Tout le monde comprend bien sûr que l’émiettement du mouvement revendicatif conduit immanquablement à la victoire complète du régime mais nul ne voit comment surmonter le handicap. Parce qu’on a l’habitude de se parler peu par crainte des mouchards, on est empêchés d’échanger au-delà du minimum, essayant d’éviter l’écueil de la politisation. On fera par exemple semblant de déplorer les violences, de craindre que des espions étrangers ne renversent un Etat dont on n’osera pas dire tout le mal que chacun pense en son fort intérieur. On se fâchera tout au plus contre quelques têtes de turc du genre de l’ancien président extrémiste Ahmadinejad. Encore faut-il être prudent car on peut craindre qu’un exalté ne vous explique en long et en large pourquoi il n’était pas pire que l’actuel tenant du titre, vous obligeant à opiner sans mot dire pendant cinq bonnes minutes… Parfois la tension est cependant palpable : dans un couloir de métro ou entre les rayons d’un supermarché, un inconnu (toujours de votre sexe et d’environ votre âge) vos glisse furtivement une nouvelle alarmante, vous assure que les clercs portent des armes sous leurs manteaux et feront le coup de feu contre la population désarmée ; sont des criminels, des agents de l’Angleterre, etc.

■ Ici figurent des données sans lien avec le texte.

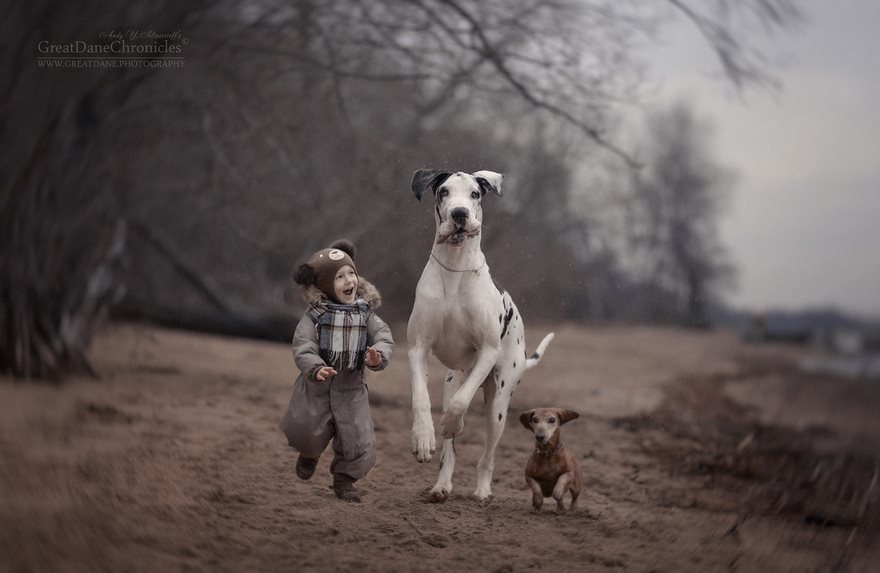 Andy Seliverstoff perros gigantes 10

La désillusion semble l’emporter partout et toujours. L’illusion ne refait surface que lorsqu’il est question de complots, de mouvements occultes. Entouré d’amis ou de parents, tous gens de sa condition, l’Iranien vous rapporte avec délices que « ça y est, Londres a déclenché la procédure d’urgence extrême, les mollahs sont condamnés à faire leurs valises ». Si vous leur dîtes qu’il est un peu trop facile de compter sur l’aide extérieure, que l’invasion de l’Irak a donné les résultats que chacun mesure, ils concéderont que c’est certain, incontestable oui, mais qu’il n’y a jamais eu d’autre voie dans les deux derniers siècles de l’histoire de ce pays. Qu’aucune sortie du tunnel n’est pensable sans le retour des Occidentaux avec dans leurs bagages les exilés qu’un long séjour et une réussite professionnelle aura transformé en « nouveaux Iraniens » compétents, honnêtes, incorruptibles…

Ce retour en fanfare n’est cependant guère probable s’il n’est pas sollicité et orchestré par une nouvelle génération de responsables issus des instances dirigeantes. Parce que le régime est très solide, son indulgence relative à l’égard des fauteurs de troubles prouve même qu’il est mieux assuré qu’en 2009. Terroriser en promettant la torture demeure un de ses outils habituels mais il ne croit plus que l’assassinat à tout va soit une panacée. Cette fois-ci, la police a tiré quand elle a eu peur, et non pas pour faire peur comme elle le fit en 2009. Cette peur de la police était fondée dans les petites villes où elle dut faire face, entre 1er et 4 janvier 2018 à des jeunes singulièrement enragés, qui ne ressemblent pas aux contestataires bien éduqués qu’elle mate aisément.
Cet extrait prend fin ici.